For years now, Bill McBride at Calculated Risk has been running the chart below detailing how the jobs recovery from the Great Recession compares with those following other post-World War II downturns. The chart showed in a stark, simple way just how weak and protracted this latest labor market recovery has been. Business Insider took to calling it “The SCARIEST JOBS CHART EVER.”
The latest version of the chart shows we finally reached a major milestone: With the gain of 217,000 jobs last month, as announced today by the Bureau of Labor Statistics, total non-farm payrolls have hit a new all-time high, meaning the U.S. has recovered all the jobs lost during the recession. (Private payrolls had already reached a new high in March.)
And there’s more good news: May marks the fourth straight month of gains over 200,000. That hasn’t happened for more than 14 years, Ian Shepherdson, chief economist at Pantheon Macroeconomics said in a note to clients.

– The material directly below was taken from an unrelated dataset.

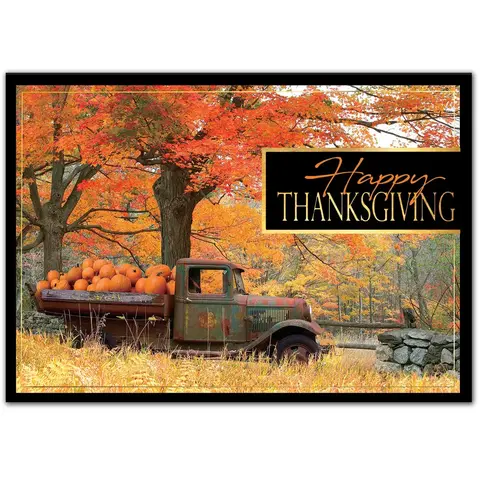 Custom Nostalgic Thanksgiving Greeting Cards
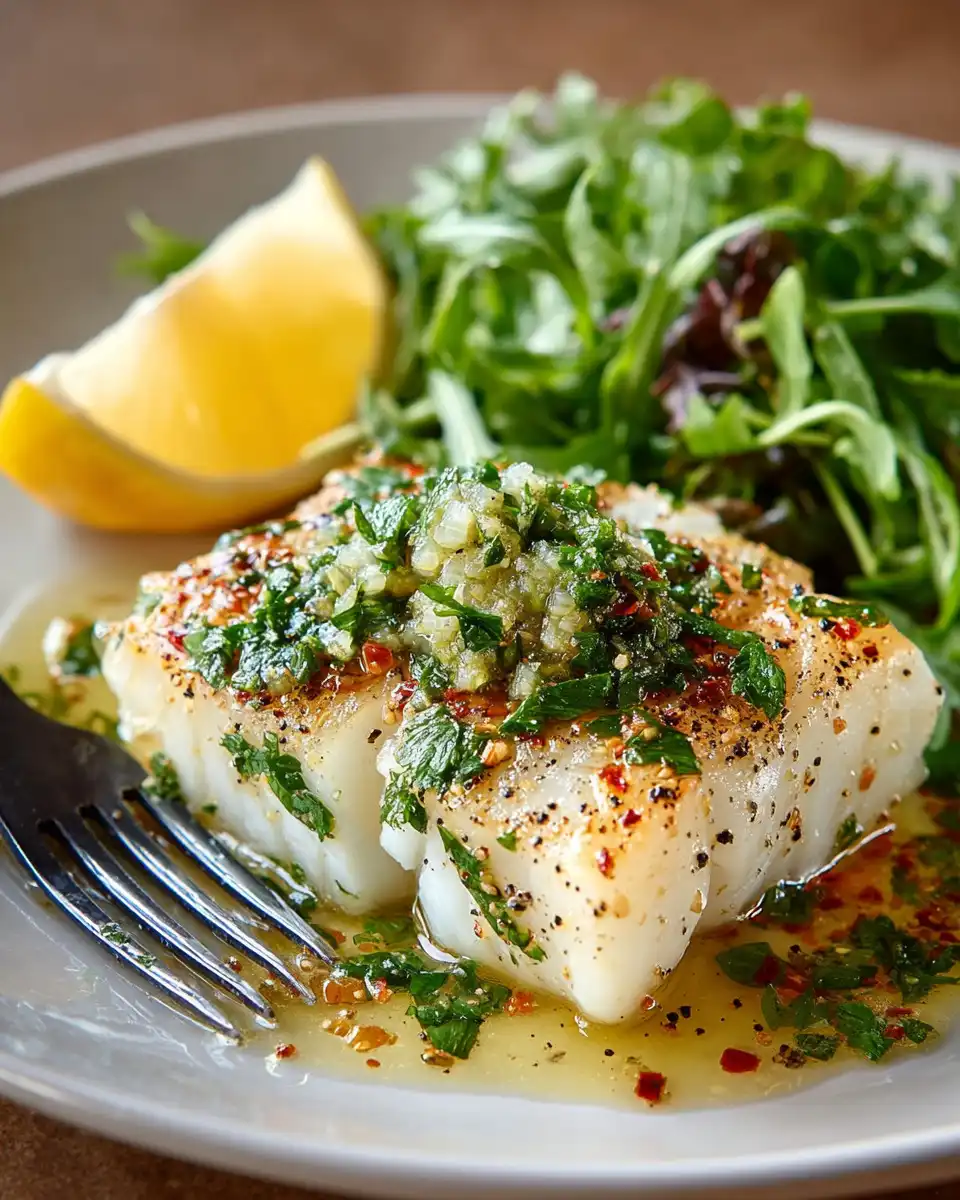 Cod with Shallot Butter Sauce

If the chart is dead, though, its lessons shouldn’t be buried. First, it took more than six years to get back to break-even. That’s an extraordinarily long time, especially when you remember that these aren’t just numbers on a screen — these are people’s lives and livelihoods we’re trying to track. Second, getting back above the flatline still means the economy is 7 million jobs behind where it should be when adjusting for population growth since before the recession. We've now added 8.8 million jobs after having lost 8.7 million in the downturn, but the employment-to-population ratio has fallen from 62.7 percent in December 2007 to 58.9 percent last month. The share of the working-age population with jobs still has a long way to go before we can say the labor market has really recovered.

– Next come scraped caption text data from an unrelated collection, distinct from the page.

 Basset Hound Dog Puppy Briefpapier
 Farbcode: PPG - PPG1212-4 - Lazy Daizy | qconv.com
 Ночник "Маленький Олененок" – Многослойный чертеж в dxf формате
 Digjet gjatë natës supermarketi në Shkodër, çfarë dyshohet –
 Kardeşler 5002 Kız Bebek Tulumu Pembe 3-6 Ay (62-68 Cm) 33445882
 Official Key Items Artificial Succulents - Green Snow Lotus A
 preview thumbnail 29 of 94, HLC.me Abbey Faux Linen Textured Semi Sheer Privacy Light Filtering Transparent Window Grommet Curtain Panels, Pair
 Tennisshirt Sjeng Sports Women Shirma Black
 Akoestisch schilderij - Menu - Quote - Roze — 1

“Because the working-age population (and with it, the potential labor force) is growing all the time, we should have added millions of jobs over the last six-plus years just to hold steady,” Heidi Shierholz of the left-leaning Economic Policy Institute wrote in a blog post before the jobs report was released. “We are far, far from healthy labor market conditions.”
Shierholz’s takeaway: Total employment almost always climbs, so despite the celebratory headlines you might see, this milestone is much less meaningful than it might seem. “It is difficult to exaggerate how not a big deal this is.”